Dose: 1000 mg of a fish oil supplement (containing 300 mg of EPA/DHA) for every 30 pounds of body weight is a good rule of thumb for general health. But dosage should be calculated with your dog’s regular diet in mind to maintain balance. Some diets are already rich in EPA and DHA, and too much fish oil can lead to an upset stomach or have a blood thinning effect.
2. Sunflower Oil
This high-quality oil is a great source of omega-6 fatty acids (omega-3’s cousin) and is lower in saturated fat than animal fat. Though saturated fats are not a contributor to cardiovascular disease in dogs as they are in humans, if your dog is prone to sensitive stomach, they may cause issues.
What it’s best for: Healthy skin, immune function, heart health, providing energy, preserving normal organ function. The biggest reason humans chose this supplement is because it often increases coat sheen.
Where to find it: Sunflower oil is more common as an ingredient in food and treats because a certain amount of linoleic acid, the omega 6 in sunflowers, is required to maintain a balanced diet. Bottled sunflower oil is often easiest if you do want to supplement.
Dose: Supplementation is most often beneficial in dogs on home-cooked diets. A dose for a medium dog should be about 1 teaspoon daily, which will offer about 5-8 grams of this omega 6. Remember that all fats are a rich source of calories, with 1 teaspoon of sunflower oil equating to 40 calories or so. And be sure to take any omega-3 supplementation into account too.
Related: Beyond Raw Food: Other Beneficial Diet Options for Your Pup
3. Flaxseed Oil
Boasting a blend of omega-3 and omega-6 fatty acids, flaxseed can be a substitute supplement for fish oil for dogs who have allergies or reactions to fish. Unlike humans, though, dogs aren’t the best at converting flax’s omega 3s to those found in fish (EPA and DHA), so the benefits aren’t as great for them.
What it’s best for: Reduced inflammation, arthritis treatment, healthy coat, and allergy relief.
Where to find it: Ground flaxseed (whole flaxseed will pass through the system undigested) is the best and safest form of this oil and also provides fiber to help maintain a healthy gut, since all pressed oils have a short shelf life.
Dose: Small dogs (under 30 lbs) can have 1/2 teaspoon of oil or ground flaxseeds daily, 1 teaspoons for medium dogs, 2 tsp for large dogs and 1 tablespoons for very large dogs. Divide the dosage in two, morning and night, to avoid diarrhea.
4. Coconut Oil
This magical oil is easy to metabolize and boasts more than 90% of healthy saturated fats with smaller amounts of a few unsaturated fatty acids. Most of the saturated fats in coconut oil are [Medium Chain Triglycerides (MCTs), which have a growing list of healthy benefits.
What it’s best for: Reduced allergy symptoms, increased energy, improved digestion, improved cognitive function (especially for senior dogs), and weight loss.
Where to find it: Organic, virgin, cold-pressed coconut oil (p.s. dogs love the taste!)
Dose: A fourth of a teaspoon for every 10 pounds of dog, twice daily.
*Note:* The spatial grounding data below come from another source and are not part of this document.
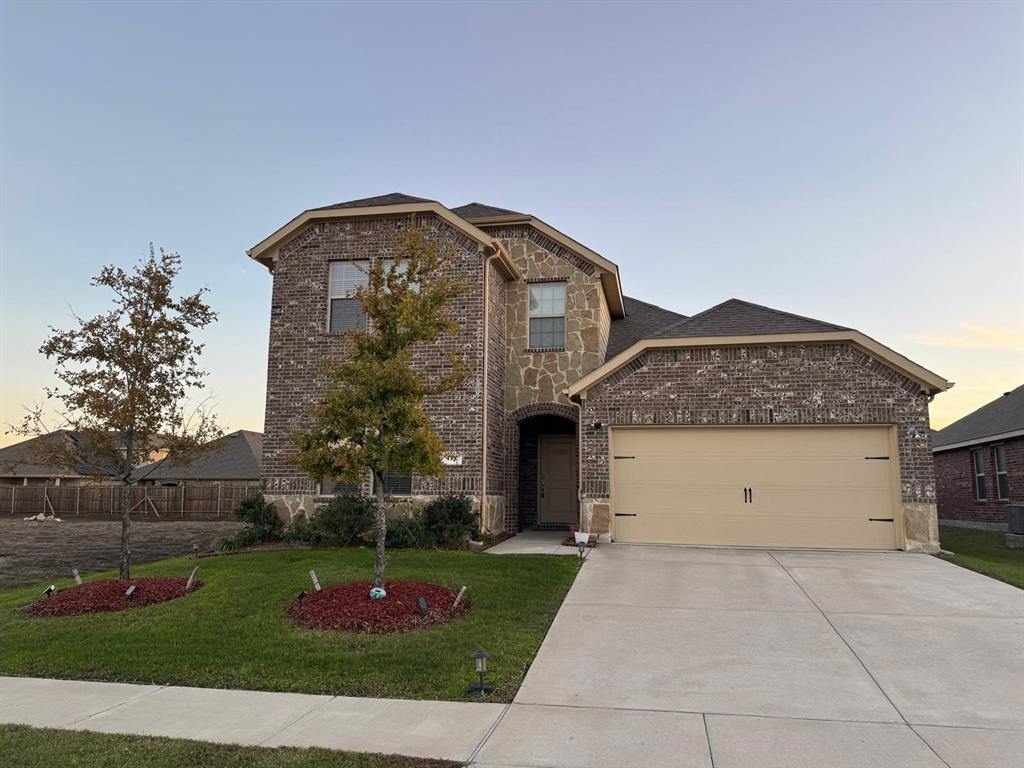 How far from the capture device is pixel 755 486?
A: 13.3m

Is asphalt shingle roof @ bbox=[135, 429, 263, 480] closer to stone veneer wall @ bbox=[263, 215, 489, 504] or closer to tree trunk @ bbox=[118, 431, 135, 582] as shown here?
stone veneer wall @ bbox=[263, 215, 489, 504]

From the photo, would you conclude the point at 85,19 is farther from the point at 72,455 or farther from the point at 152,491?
the point at 152,491

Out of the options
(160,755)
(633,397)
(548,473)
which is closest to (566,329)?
(633,397)

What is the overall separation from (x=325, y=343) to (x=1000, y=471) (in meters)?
19.3

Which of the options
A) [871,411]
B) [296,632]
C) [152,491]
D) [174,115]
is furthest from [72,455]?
[152,491]

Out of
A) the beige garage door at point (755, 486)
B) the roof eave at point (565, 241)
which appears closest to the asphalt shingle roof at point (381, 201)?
the roof eave at point (565, 241)

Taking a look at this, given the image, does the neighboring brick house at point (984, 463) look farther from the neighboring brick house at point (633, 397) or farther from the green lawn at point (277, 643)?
the green lawn at point (277, 643)

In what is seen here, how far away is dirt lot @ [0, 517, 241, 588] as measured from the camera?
1316 cm

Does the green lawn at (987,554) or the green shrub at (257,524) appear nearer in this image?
the green lawn at (987,554)

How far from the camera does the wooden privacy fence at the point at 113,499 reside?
31.8m

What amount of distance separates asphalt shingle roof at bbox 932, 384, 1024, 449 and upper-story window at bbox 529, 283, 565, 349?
1281 centimetres

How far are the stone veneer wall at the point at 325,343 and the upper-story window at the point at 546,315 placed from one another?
2039 mm

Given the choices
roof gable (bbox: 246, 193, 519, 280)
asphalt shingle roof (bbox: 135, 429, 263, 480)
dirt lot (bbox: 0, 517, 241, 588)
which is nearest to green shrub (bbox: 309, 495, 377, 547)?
dirt lot (bbox: 0, 517, 241, 588)

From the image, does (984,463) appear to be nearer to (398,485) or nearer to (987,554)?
(987,554) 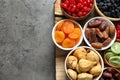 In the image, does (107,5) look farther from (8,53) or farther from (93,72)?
(8,53)

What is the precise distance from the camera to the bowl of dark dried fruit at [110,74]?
1229mm

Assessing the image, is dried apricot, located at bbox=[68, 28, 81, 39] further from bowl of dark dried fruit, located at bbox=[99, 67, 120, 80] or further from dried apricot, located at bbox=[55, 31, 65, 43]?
bowl of dark dried fruit, located at bbox=[99, 67, 120, 80]

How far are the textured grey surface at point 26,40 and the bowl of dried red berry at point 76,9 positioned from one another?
1.54 ft

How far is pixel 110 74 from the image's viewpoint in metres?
1.23

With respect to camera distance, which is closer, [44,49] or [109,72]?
[109,72]

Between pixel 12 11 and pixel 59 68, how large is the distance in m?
0.69

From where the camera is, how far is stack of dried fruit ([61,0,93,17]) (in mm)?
1291

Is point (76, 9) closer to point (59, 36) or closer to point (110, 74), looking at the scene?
point (59, 36)

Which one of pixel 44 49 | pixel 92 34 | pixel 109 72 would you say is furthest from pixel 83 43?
pixel 44 49

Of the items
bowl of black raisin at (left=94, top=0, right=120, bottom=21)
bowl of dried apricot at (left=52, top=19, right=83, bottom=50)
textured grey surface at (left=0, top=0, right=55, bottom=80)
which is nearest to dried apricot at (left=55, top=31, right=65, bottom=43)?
bowl of dried apricot at (left=52, top=19, right=83, bottom=50)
This will add some calories (40 for every tsp), so make sure you take this into account with the rest of their diet so they don’t gain weight.
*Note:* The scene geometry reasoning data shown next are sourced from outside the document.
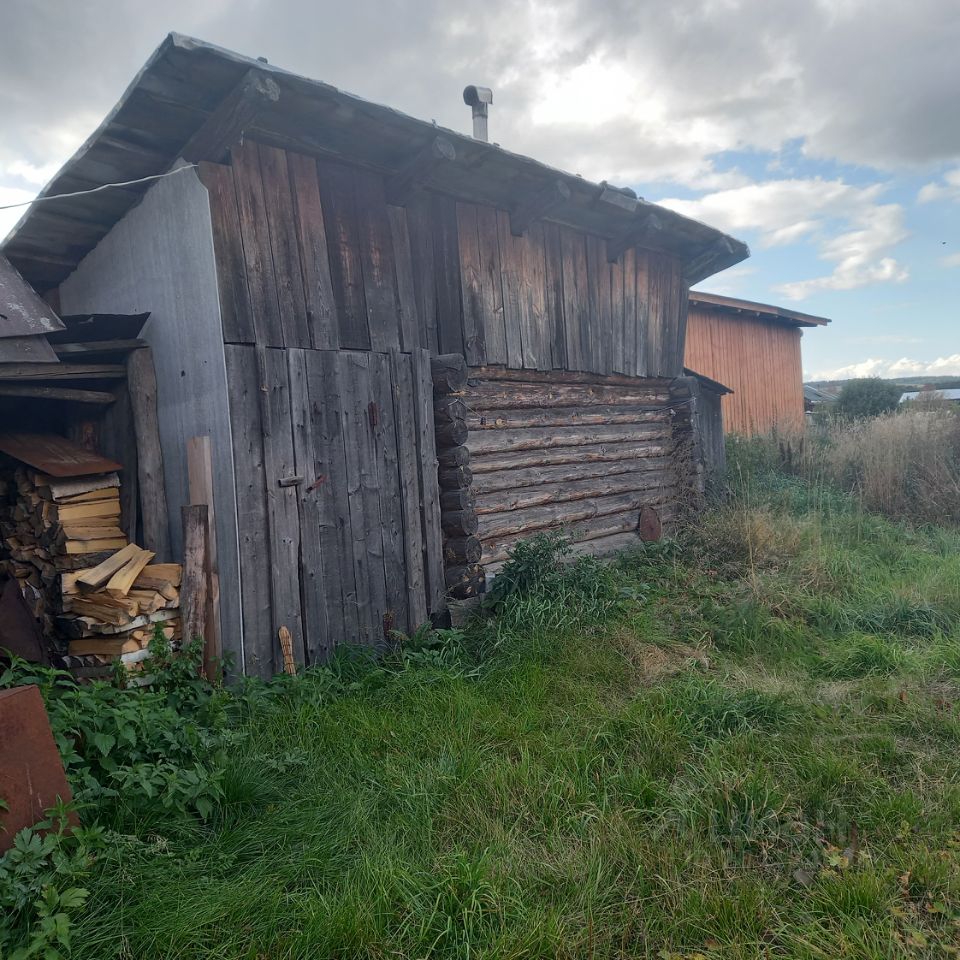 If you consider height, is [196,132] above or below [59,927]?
above

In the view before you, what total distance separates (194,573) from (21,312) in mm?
2060

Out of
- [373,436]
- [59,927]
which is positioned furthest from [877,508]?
[59,927]

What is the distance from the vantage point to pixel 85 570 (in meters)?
4.56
Related: Here Are 22 Ways Dogs Make Us Healthier (Infographic)
5. Olive Oil
Rich in antioxidant capability, thanks to its polyphenols, vitamin E, chlorophyll, and carotenoids, this oil boasts some serious health benefits for dogs. Known for breaking down the fat inside fat cells, olive oil is especially helpful for dogs on a weight-loss plan.
What it’s best for: Weight loss, improved immune function, healthy skin and coat. It may also be good for those dogs that don’t tolerate the omega 3 or 6 fatty acids due to GI upset.
Where to find it: The one’s easy: organic, extra-virgin olive oil.
Dose: For dogs under 20 pounds, add half a teaspoon a day to their food, a teaspoon for a 30 to 40 pound dog, and up to a tablespoon for dog 50 pounds or larger. Each teaspoon is about 40 calories.